▸ **Task details**: Search the data for the word "strong" and copy every line where it occurs.

▸ **Task material**:
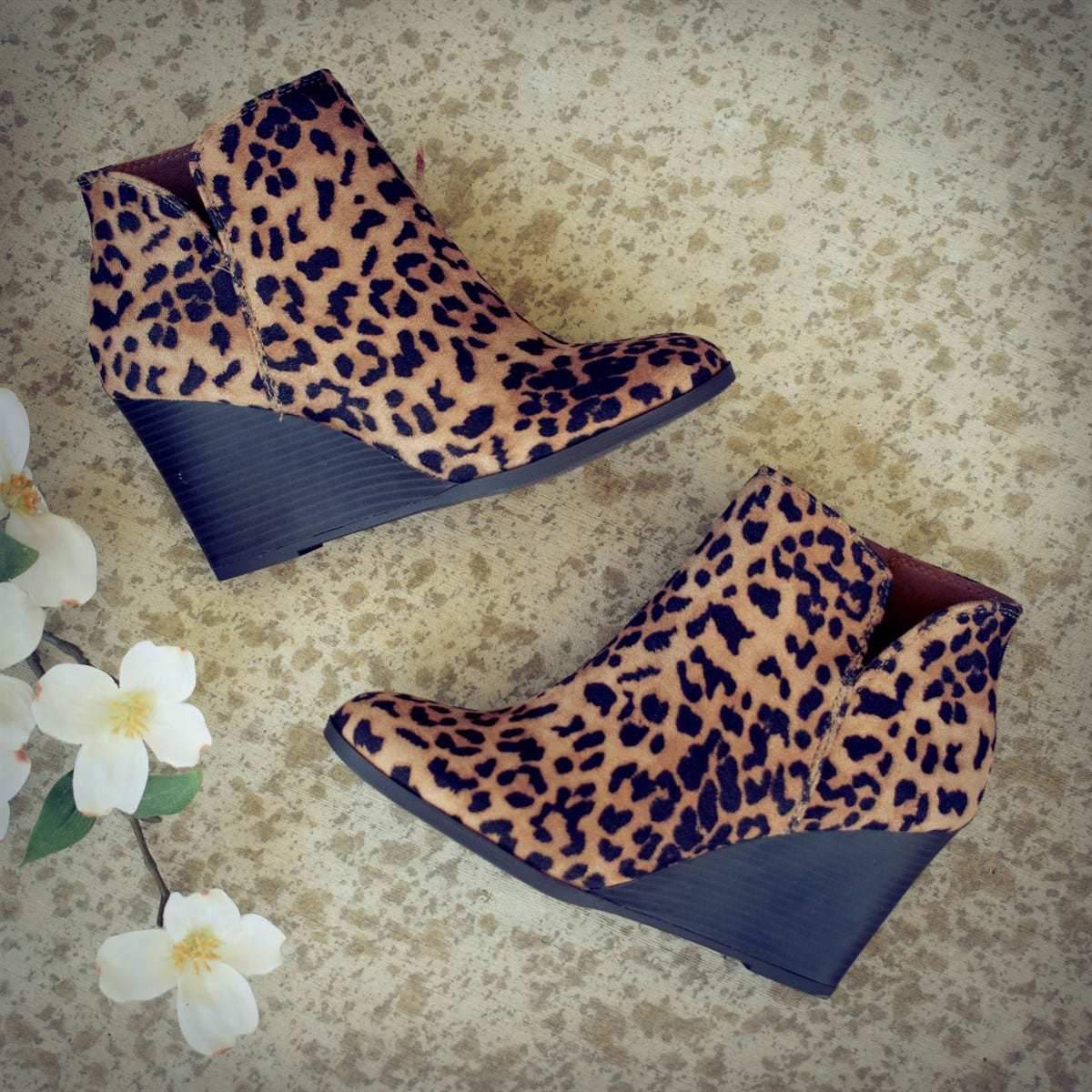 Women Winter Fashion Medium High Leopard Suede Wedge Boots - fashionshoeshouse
==
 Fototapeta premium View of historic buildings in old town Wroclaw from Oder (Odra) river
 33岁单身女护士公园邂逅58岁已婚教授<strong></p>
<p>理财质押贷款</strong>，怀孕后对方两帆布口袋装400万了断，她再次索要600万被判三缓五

▸ **Exercise result**:
 33岁单身女护士公园邂逅58岁已婚教授<strong></p>
<p>理财质押贷款</strong>，怀孕后对方两帆布口袋装400万了断，她再次索要600万被判三缓五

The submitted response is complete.